Yara terbangun entah dimana dia berada, suasana yang serba putih itu membuat Yara bingung. Dia berjalan dengan kebingungan yang melanda. Hingga akhirnya dia melihat kedua orang tuanya disana. Yara begitu bahagia hingga dia langsung berlari ke arah mereka. Setelah sekian lama, dia baru bisa bertemu dengan kedua orang tuanya lagi.
"Bapak, Ibu Yara kangen kalian"
Ibu tersenyum, dia mengelus kepala Yara dengan penuh kasih sayang.

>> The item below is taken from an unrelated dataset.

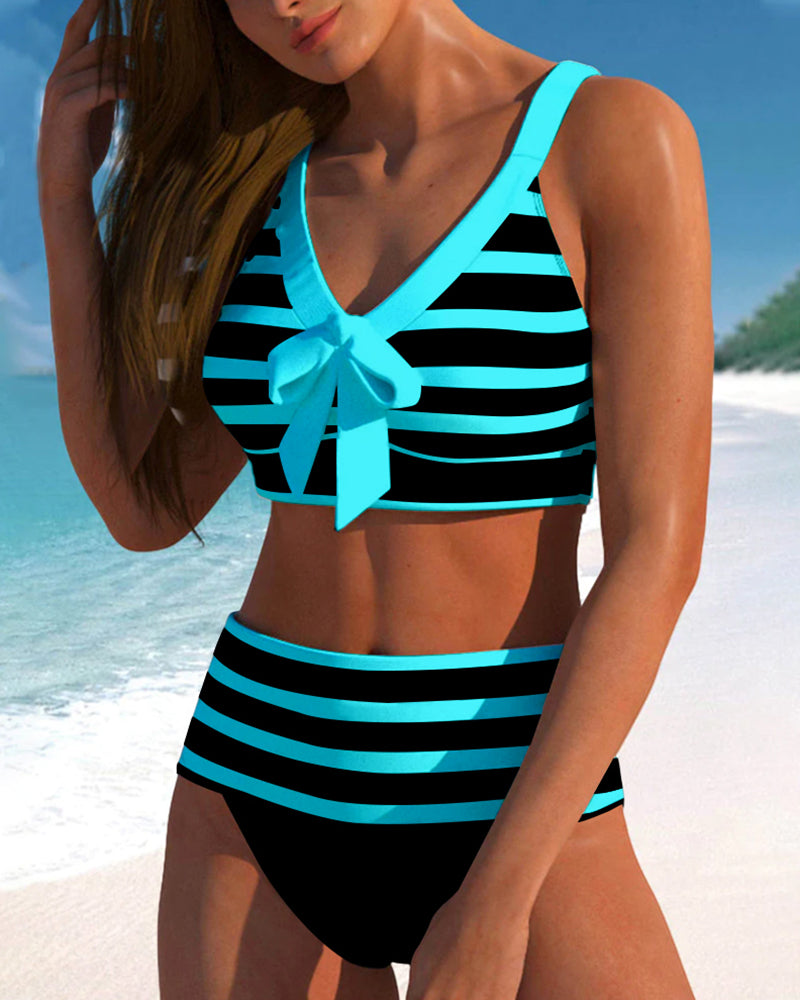 Laluna® | Hochtaillierter Gestreifter Bikini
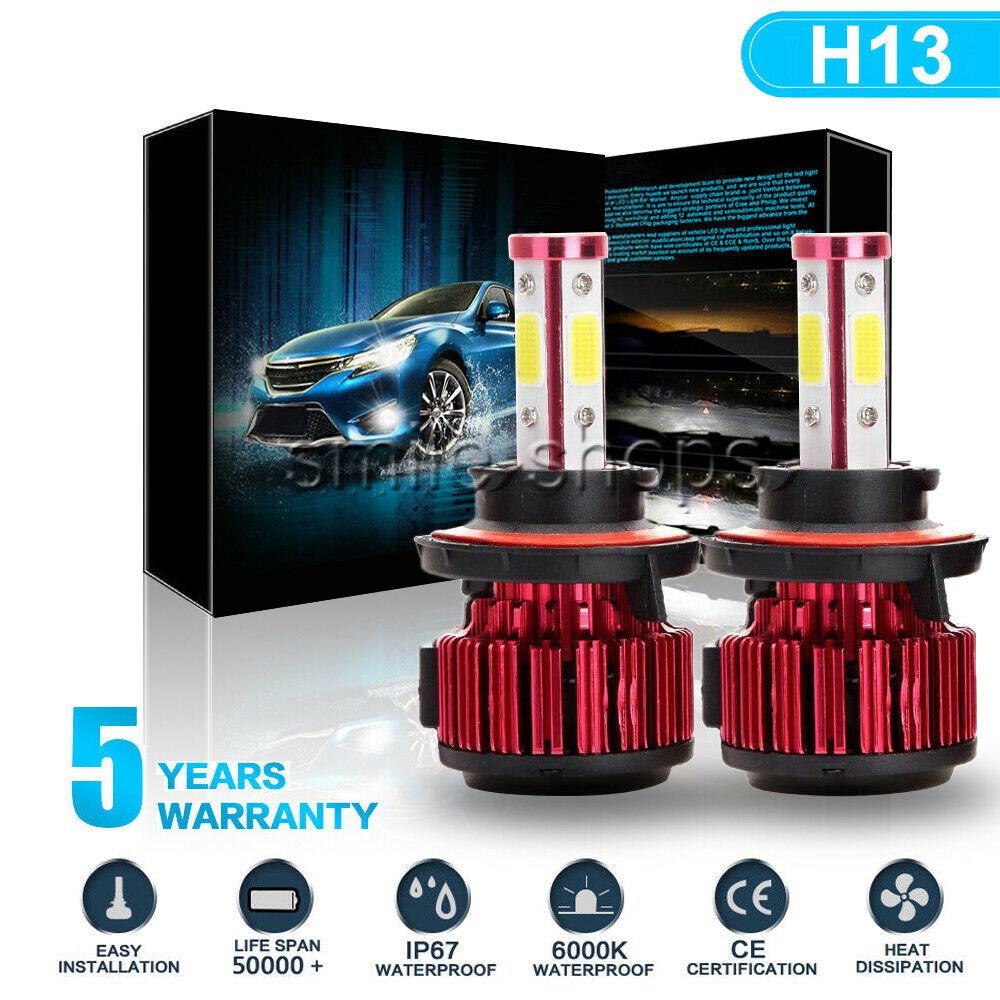 H13 LED Headlight Bulbs For Dodge Ram 1500 2500 3500 2006-2012 High Low Beam Set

Seperti yang sering dia lakukan di saat Yara masih kecil dulu. "Bertahanlah Nak, kamu akan bahagia"
Yara menatap kedua orang tuanya dengan mata yang berkaca-kaca. Ucapan Ibu barusan seolah dia memang sudah mengetahui apa yang sedang di alami Yara saat ini. Tentang anaknya yang sedang putus asa dengan apa yang sedang di hadapinya saat ini.
"Bu, Pak, Yara sudah tidak kuat hidup seorang diri. Dunia kehidupan Yara terllau kejam, tolong bawa saja Yara bersama dengan kalian"
Kedua orang tuanya menggeleng pelan mendengar itu. Bapak meraih tangan Yara dan menggenggamnya. "Yara adalah putri Bapak yang terbaik, Yara pasti kuat menghadapi semua ini. Bapak yakin kamu pasti bisa melewatinya. Kamu harus tetap bertahan Nak"
Yara menggeleng dengan air mata yang menetes begitu saja. Rasanya dia tidak sekuat apa yang di ucapkan oleh kedua orang tuanya barusan. Yara tidak mungkin dan tidak akan bisa menghadapi semua ini seorang diri saja.
"Yara tidak kuat Pak, Bu. Yara lelah dan capek dengan semua ini. Tolong bawa saja Yara bersama dengan kalian"
"Tidak Nak, kamu harus tetap bertahan dan jalani hidup kamu dengan baik"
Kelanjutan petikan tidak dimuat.